Boost logo

Boost :

Subject: Re: Streamlining benchmarking process
From: Olzhas Zhumabek (anonymous.from.applecity_at_[hidden])
Date: 2019-05-09 21:40:03


I'll answer to Stefan's email first, as most of the points overlap with
Mateusz's email.

>From Stefan's email:

> But before diving into a tools discussion, let's quickly collect
> requirements that any tool(s) we agree on needs to meet. Here is my list
> of use-cases. Feel free to augment and complement:
> * We should define one benchmark per algorithm, parametrized around
> various axes, such as value- and layout types (pixels, channels, etc.)
> to make it easy to compare different instances of the same algorithm.
> * Likewise, we should define benchmarks to be able to run over a range
> of (image-) sizes, as performance will vary greatly on that (and depend
> on the hardware we run on, including but not limited to cache sizes).
> * It should be possible to run a single benchmark instance, and produce
> a benchmark result file, containing a table (list of (size,time) pairs).
> * It should then be possible to take multiple such files as input, and
> produce a comparative chart.
> * It should be possible to implement benchmarks for a given algorithm,
> using external (non Boost.GIL) implementations, to compare Boost.GIL to
> other libraries (OpenCV, for example).
> * It should also be possible to later add additional implementations to
> Boost.GIL, and thus augment the parameter space (last summer I mentored
> a Boost.uBLAS project that added GPU support using OpenCL backends, so
> the ability to compare a GPU-based implementation with a host-only
> implementation, especially over a range of problem sizes, was extremely
> useful.

I don't have anything to add in mind at the moment. May be writing more
benchmarks will reveal more feature requirements. I believe this is a great
starter set.

Here is the list of tools I'm going to implement the benchmarks with for
now:

1. Code by Stefan:
https://github.com/boostorg/ublas/blob/develop/benchmarks/benchmark.hpp
2. Google Benchmark: https://github.com/google/benchmark
3. Celero: https://github.com/DigitalInBlue/Celero

The code for 2 is already written:
https://github.com/boostorg/gil/issues/234#issuecomment-489749263 . I am
unsure if reimplementing all of the benchmarks there is feasible, but I
will try at least those that contribute into understanding of the issue the
most.

Right, we need to hook the benchmarking up to whatever build system
> people use, to get visibility, and ultimately feedback.

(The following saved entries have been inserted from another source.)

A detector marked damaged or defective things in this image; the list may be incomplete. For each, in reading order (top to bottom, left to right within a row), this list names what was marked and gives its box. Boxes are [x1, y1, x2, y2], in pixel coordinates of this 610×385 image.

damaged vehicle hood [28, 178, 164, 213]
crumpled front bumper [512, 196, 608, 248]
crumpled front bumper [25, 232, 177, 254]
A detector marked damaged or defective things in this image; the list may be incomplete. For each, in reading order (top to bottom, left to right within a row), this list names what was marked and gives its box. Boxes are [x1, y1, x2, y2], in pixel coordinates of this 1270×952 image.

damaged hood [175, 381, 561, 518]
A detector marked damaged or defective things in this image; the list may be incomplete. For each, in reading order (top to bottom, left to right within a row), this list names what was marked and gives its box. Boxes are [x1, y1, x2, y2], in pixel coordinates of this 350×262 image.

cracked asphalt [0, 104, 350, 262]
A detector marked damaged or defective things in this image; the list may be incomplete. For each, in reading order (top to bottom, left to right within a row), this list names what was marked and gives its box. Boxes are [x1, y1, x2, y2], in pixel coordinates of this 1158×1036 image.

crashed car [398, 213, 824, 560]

It seems like CMake already has sort of similar functionality for
extensions and examples (downloading using conan or requiring find module),
so code for CMake is going to be mostly copy pasting and tweaking. I have
one concern about conan option though: there is no way to download only
some dependencies from conanfile.txt. I was thinking about each folder
having their own conanfile.txt, but then the dependency collection process
(which is done using appending into gil-dependencies) will get a bit
obfuscated, in my opinion. There is also an option to directly specify the
repo to download from, but not sure how much maintainable that will be.

Jamfile should be even easier, as it doesn't seem to support conan.

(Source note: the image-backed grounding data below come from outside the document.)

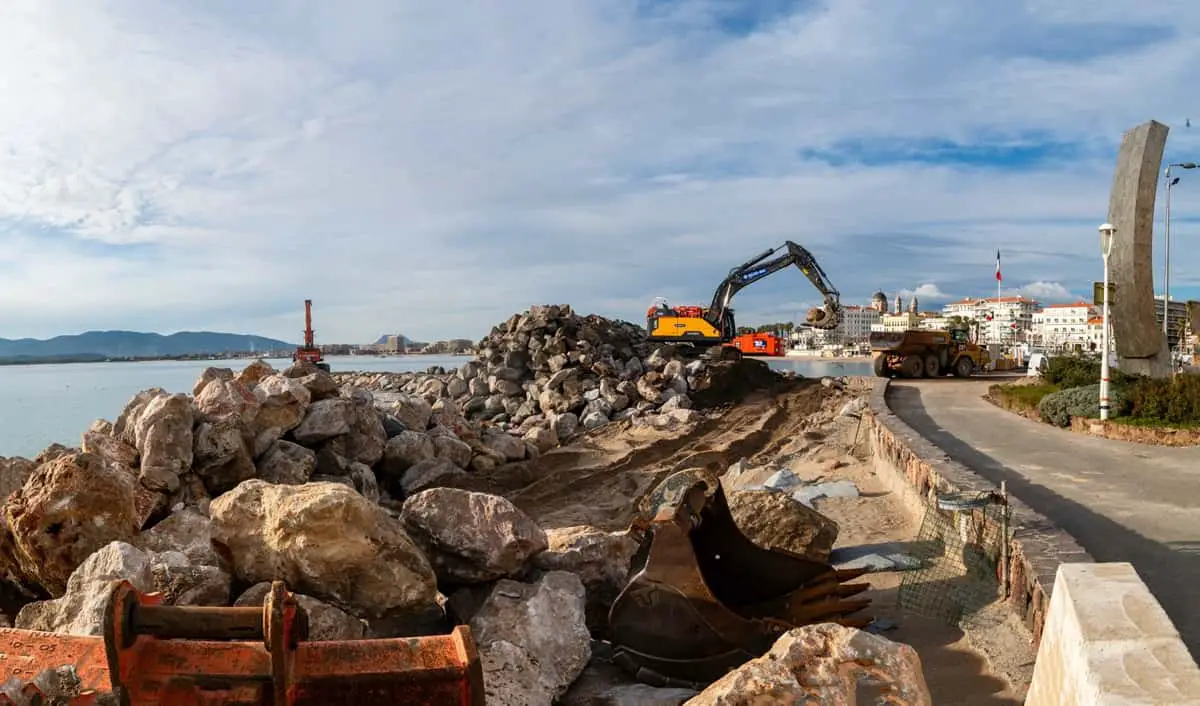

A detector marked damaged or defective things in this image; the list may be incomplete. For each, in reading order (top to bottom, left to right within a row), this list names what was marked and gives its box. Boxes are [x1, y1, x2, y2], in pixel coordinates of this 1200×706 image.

rusty steel bucket [2, 578, 487, 706]
rusty steel bucket [609, 468, 873, 691]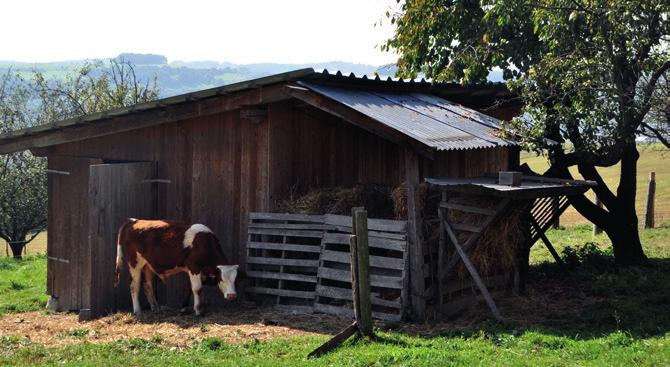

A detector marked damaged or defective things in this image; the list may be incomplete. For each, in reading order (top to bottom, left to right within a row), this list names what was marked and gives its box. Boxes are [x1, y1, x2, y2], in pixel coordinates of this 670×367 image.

rusty metal roof panel [300, 82, 516, 151]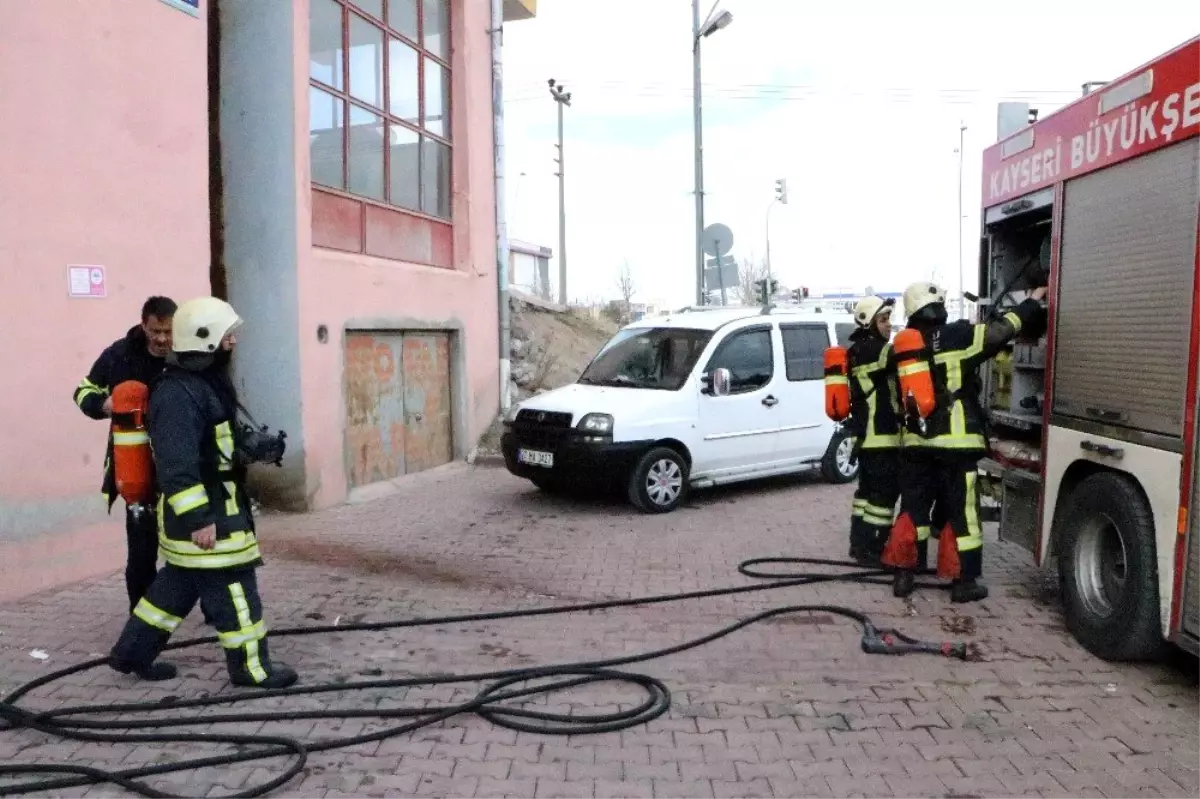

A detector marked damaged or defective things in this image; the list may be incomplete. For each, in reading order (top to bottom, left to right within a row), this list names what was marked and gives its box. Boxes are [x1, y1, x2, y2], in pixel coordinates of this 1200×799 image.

On Boost.uBLAS we decided to have the CI builds build the benchmarks (to
> make sure they at least compile), but not run them, since doing serious
> benchmark work requires controlling the hardware you are running on,
> i.e. controlling what else is running at the same time, etc., so not a
> good use of a containerized environment, I'd expect.
> Similarly, I'd think that we should allow travis-ci, appveyor, etc. to
> build benchmarks, but also should give clear instructions to users for
> running benchmarks manually, including analyzing the results

Completely agree with you here.

>From Mateusz's email:

Now, I'm wondering this:
> if we maintain benchmark structure similar to tests e.g.
> - test/algo1.cpp, benchmark/algo1.cpp
> - test/algo2.cpp, benchmark/algo2.cpp
> could we define build config that allows to build
> 1) exe per .cpp - useful to bisect, find regressions
> 2) exe from multiple algorithms, related to the same problem of course,
> with one is used as baseline - comparative benchmarking

I am in favor of 1). It seems like both celero and google-benchmark support
running a subset of benchmarks, though celero seems to have only group
granularity, while google-benchmark supports regex. Using ublas's facility
will probably require implementing some command line driver, which could be
shared between projects.

Celero has this nice notion/feature of `baseline` against which other
> algorithms
> are compared. Here you can see a sample with `strncmp` as baseline:
>
> https://github.com/mloskot/string_benchmark/blob/master/benchmark_ends_with.cpp
> and table with results here
>
> https://github.com/mloskot/string_benchmark/blob/master/results/gcc63_ends_with.csv
> and pretty graphs here
> http://mloskot.github.io/string_benchmark/results/

Thanks for mentioning this, I almost forgot about it. I really hope to get
the baseline concept in. There is no notion of being faster or slower if
there is nothing to compare against.

>>I've wondered around boost libraries and it seems like ublas has a
> >>benchmarks folder,
> I'd prefer to call it `benchmark/`.
> There are `test/` folders, not `tests/`.

Agreed

>>4. Import all existing performance issues into that folder
> >
> >I'm not quite sure what you mean by that.
> Me neither.

I mentioned code to reproduce these:
https://github.com/boostorg/gil/issues/234 ,
https://github.com/boostorg/gil/issues/204 .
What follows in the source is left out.